PROVIDED DATA:
'''

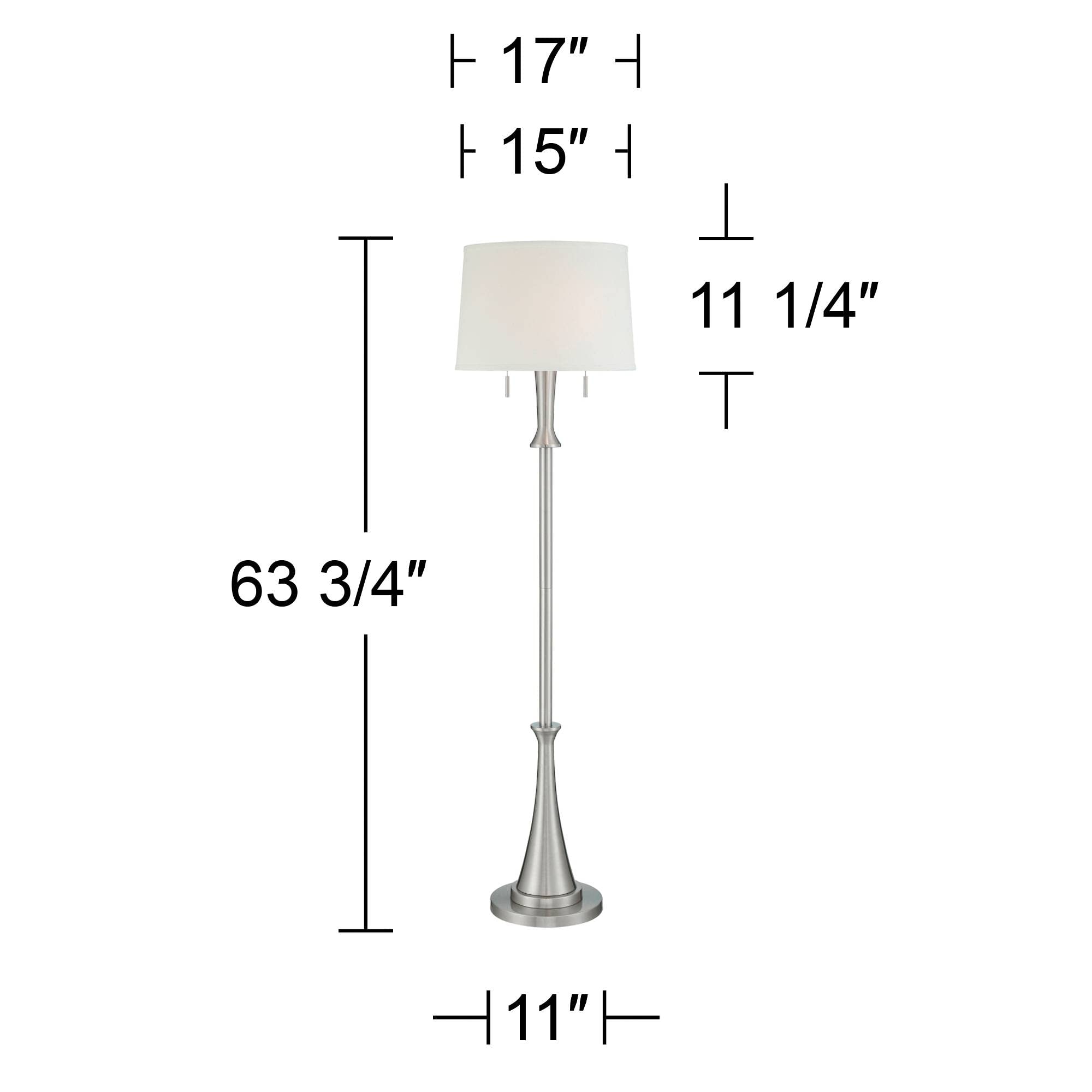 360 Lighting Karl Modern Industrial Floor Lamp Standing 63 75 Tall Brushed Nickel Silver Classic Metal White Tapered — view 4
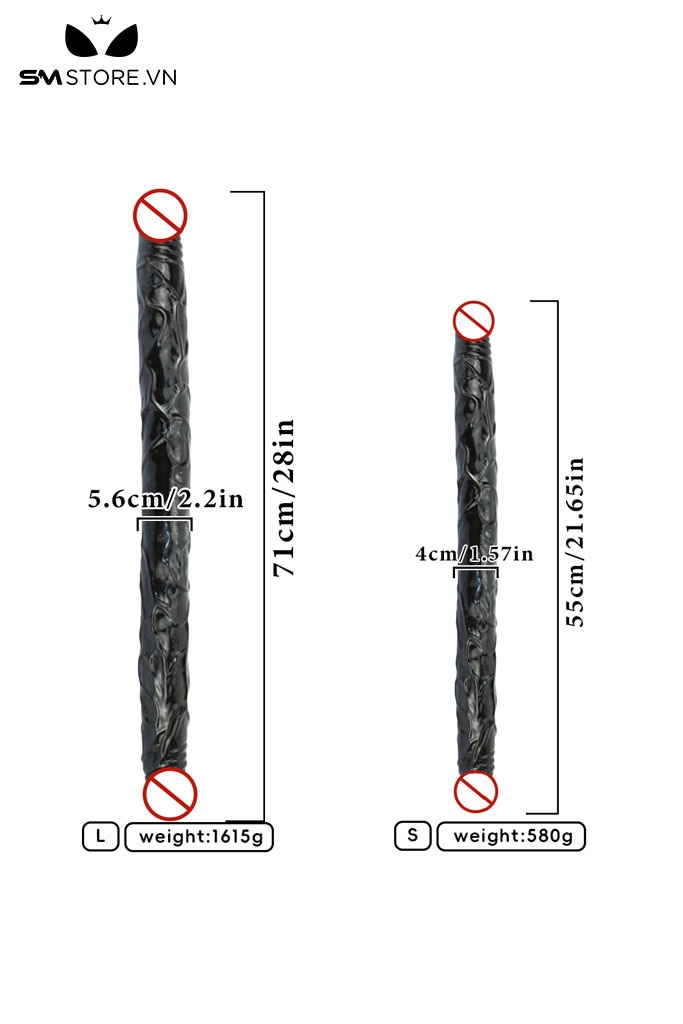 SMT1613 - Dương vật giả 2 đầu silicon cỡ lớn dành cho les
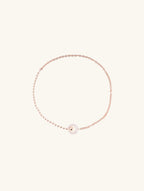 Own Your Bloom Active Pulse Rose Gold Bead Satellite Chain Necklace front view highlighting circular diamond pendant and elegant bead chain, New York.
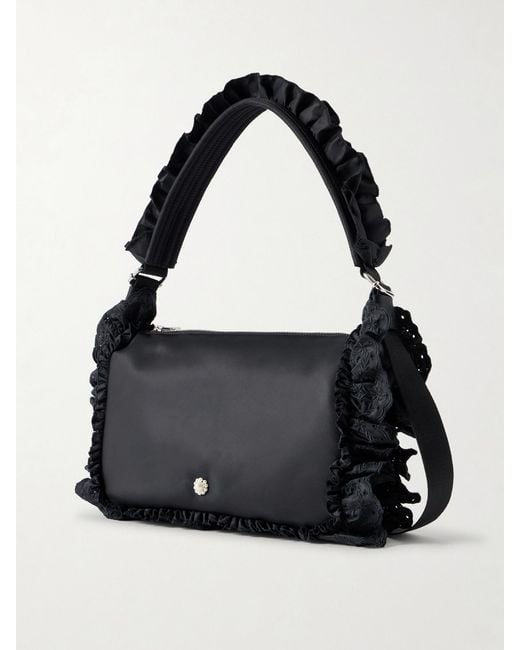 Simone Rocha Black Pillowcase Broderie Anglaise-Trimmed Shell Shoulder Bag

'''

WHAT YOU WILL DO: Please restate the whole listing exactly, without any of its pictures.

WRITTEN RESPONSE:
 360 Lighting Karl Modern Industrial Floor Lamp Standing 63 75 Tall Brushed Nickel Silver Classic Metal White Tapered — view 4
 SMT1613 - Dương vật giả 2 đầu silicon cỡ lớn dành cho les
 Own Your Bloom Active Pulse Rose Gold Bead Satellite Chain Necklace front view highlighting circular diamond pendant and elegant bead chain, New York.
 Simone Rocha Black Pillowcase Broderie Anglaise-Trimmed Shell Shoulder Bag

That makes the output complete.